SERANG -- Kejaksaan Tinggi (Kejati) Banten telah melimpahkan kasus dugaan mark up (pembengkakan) harga masker KN95 di Dinas Kesehatan (Diskes) Banten senilai Rp3,3 miliar tahun 2020 ke Pengadilan Tipikor Serang.

Kasus ini pun sudah mulai disidangkan. Dalam persidangan terungkap, Kepala Diskes Banten, Ati Pramudji Hastuti, ikut menandatangani dokumen pengadaan masker yang digelembungkan hampir empat kali lipat tersebut.

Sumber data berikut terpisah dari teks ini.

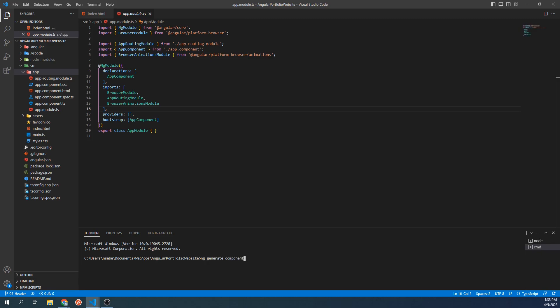However, that becomes tedious to type after a while, so we can keep it shortened to ng g c instead. The next thing we will type is the name of the component, which in our case is header, so let's add that as well.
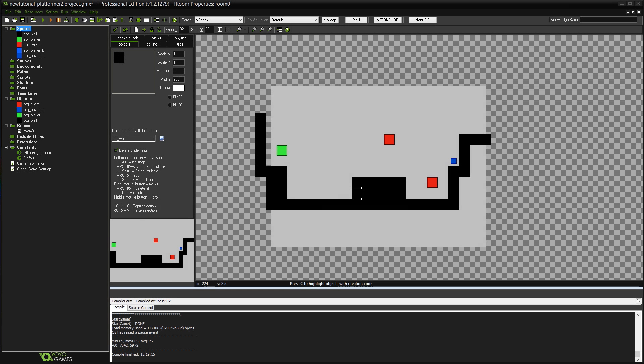Alright guys, welcome back. So today we're going to be carrying on with our platformer and we're going to be looking at how to add a couple of enemy characters into the game. We're going to style them kind of like the Goombas from Mario. They're just going to walk left and right. They're going to be super simple and when they hit a wall they'll change direction and walk the other way.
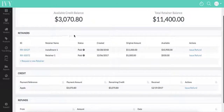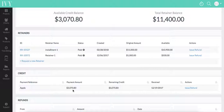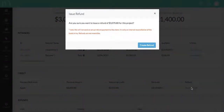In this case, you'll see that we have a credit here for $3,070.80. I can actually issue this refund, and what I'm doing is zeroing out my credits statement so that I'll be able to close out the project without any outstanding payments.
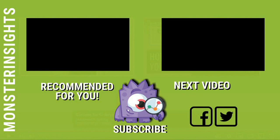In the meantime, you can follow us on Facebook and Twitter for more free tips, tricks, and tutorials for using Monster Insights in WordPress.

Dikutip dari detikcom, tiga terdakwa dalam kasus ini adalah PPK Diskes Lia Susanti, Direktur PT Right Asia Medika (PT RAM) Wahyudin Firdaus dan rekannya, Agus Suryadinata.

Pengadaan 15 ribu buah masker yang seharga sesungguhnya hanya Rp70 ribu/buah, oleh ketiga terdakwa di-markup menjadi Rp250 ribu/buah atau hampir empat kali lipat.

Saat penetapan tersangka oleh Kejati Banten, tiba-tiba seluruh pejabat Diskes yang jumlahnya 20 orang mengundurkan diri melalui surat yang dilayangkan ke Gubernur Banten, DPRD, Sekda hingga Inspektorat. Mereka membubuhkan tanda tangan di atas meterai dan mengungkapkan kekecewaan kepada Kadiskes Ati Pramudji Hastuti.

Kekecewaan itu lantaran telah ditetapkannya Lia sebagai tersangka. Mereka menganggap tidak ada perlindungan dari Ati, padahal selama ini Lia bekerja sudah sesuai tupoksi. Mereka mengungkapkan bahwa selama ini bekerja di bawah tekanan dan intimidasi dari Ati.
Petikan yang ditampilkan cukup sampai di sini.